L’industrie, et l’économie en général, seront donc touchées deux fois. Nous sommes convaincus qu’il est pourtant possible de définir une politique énergétique qui ménage les ressources sans plomber l’économie. La balle est à présent dans le camp du Conseil des Etats et, peut-être, du peuple, en cas de référendum.

25/11/2014

Energie 2050 : clarté et souplesse indispensables

Le débat sur la future politique énergétique suisse sera le gros dossier de la session d’hiver du Conseil national. Trois années se sont écoulées depuis le tremblement de terre et le raz-de-marée qui ont ravagé la région de Fukushima au Japon y détruisant la centrale nucléaire Fukushima Daiichi. Si personne n’a oublié cette tragédie, seuls deux pays ont décidé d’abandonner le nucléaire pour la production d’électricité - l’Allemagne et la Suisse – et se sont lancés dans une ambitieuse transition énergétique.

L’Allemagne, par sa politique de subventionnement des énergies renouvelables et son recours aux centrales à charbon, a contribué à l’écroulement du prix de l’électricité sur le marché européen, écroulement aggravé par la persistance de la crise économique sur le vieux continent. Plus généralement, c’est tout le contexte énergétique mondial qui a profondément changé depuis 2011. La Suisse doit en tenir compte au moment de façonner la politique énergétique des 30 prochaines années. Et notamment ne pas répéter les erreurs de l’Allemagne.

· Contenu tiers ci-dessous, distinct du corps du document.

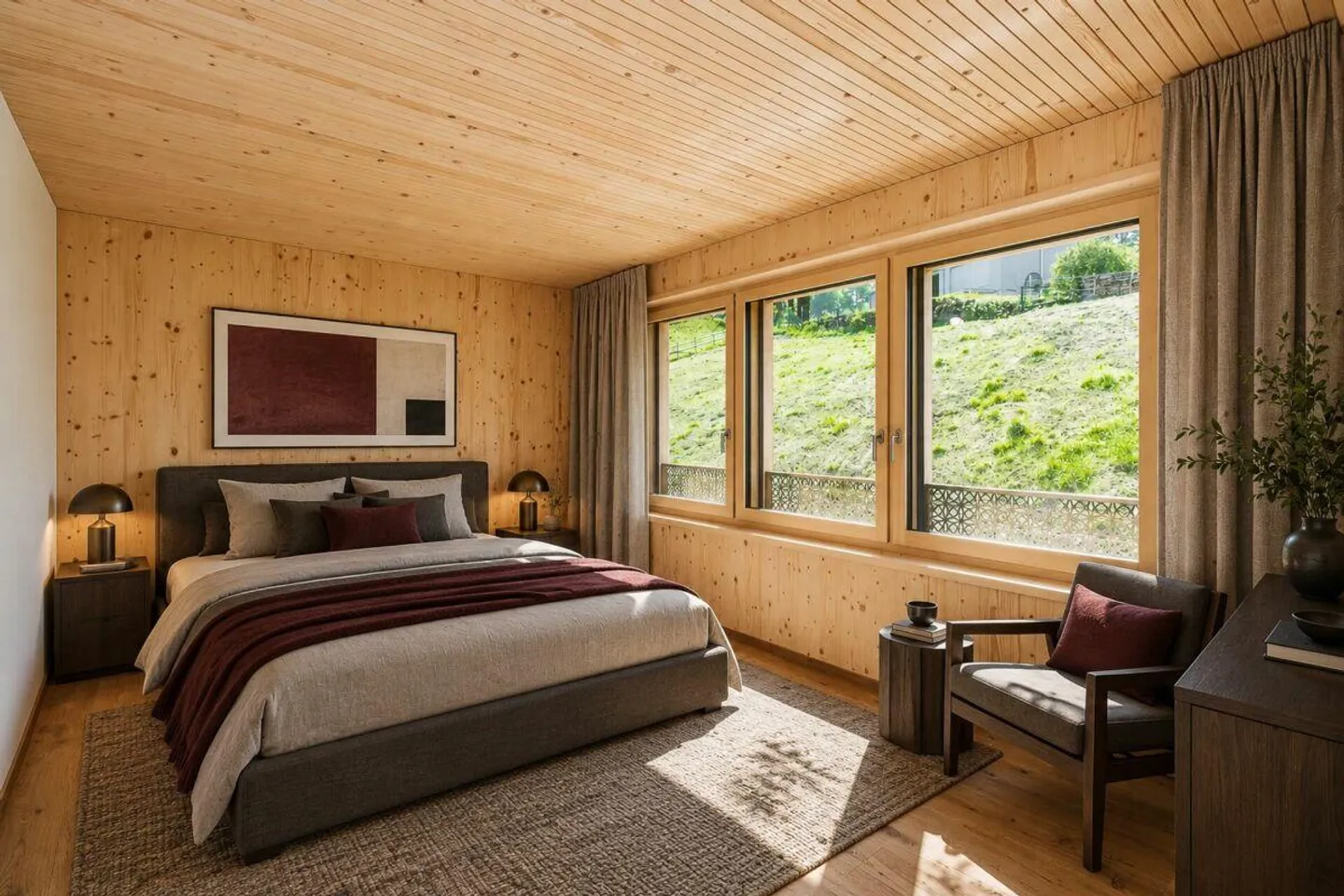 La Loge au-dessus du lac de Constance - Maisonette de 5,5 pièces en bois massif... - Photo 12 sur 16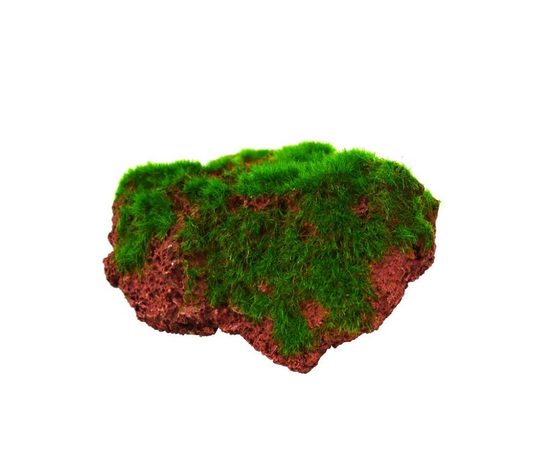 Декорация Prime Камень с мхом малый 9х6.5х5см PR-HY228-G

Sauf improbable retournement de situation, la Suisse ne reviendra pas sur sa décision de fermer à terme ses centrales nucléaires. Ce postulat posé, ce qui compte pour les entreprises, c’est que la politique énergétique vise en priorité à assurer la sécurité d’approvisionnement à des prix compétitifs. A ce jour cependant, les patrons sont inquiets, tant le mot « taxe » revient dans les discussions. Les entreprises accomplissent d’ores et déjà de nombreux et coûteux efforts pour maîtriser leur consommation d’énergie. Il ne faudrait pas les étrangler avec trop de nouvelles contraintes qui risqueraient de mettre à mal leur compétitivité.

Il appartient au Parlement fédéral de donner une direction claire à la politique énergétique tout en prévoyant suffisamment de souplesse pour que cette politique puisse être adaptée à un contexte politique et technologique en constante évolution. Si le Parlement ne cède pas à la tentation de l’hyper-régulation, Energie 2050 peut être une chance pour l’économie suisse qui a depuis longtemps démontré ses facultés d’adaptation et sa capacité à œuvrer en faveur des économies d’énergie.

Le débat sur la politique énergétique débutera dans deux jours, mais c’est pour de très nombreux mois qu’il s’inscrit à l’agenda politique, car plusieurs initiatives sur le même thème sont dans le « pipeline ». Et qu’un autre morceau de choix et de poids suivra, à savoir la seconde étape de l’ouverture du marché suisse de l’électricité.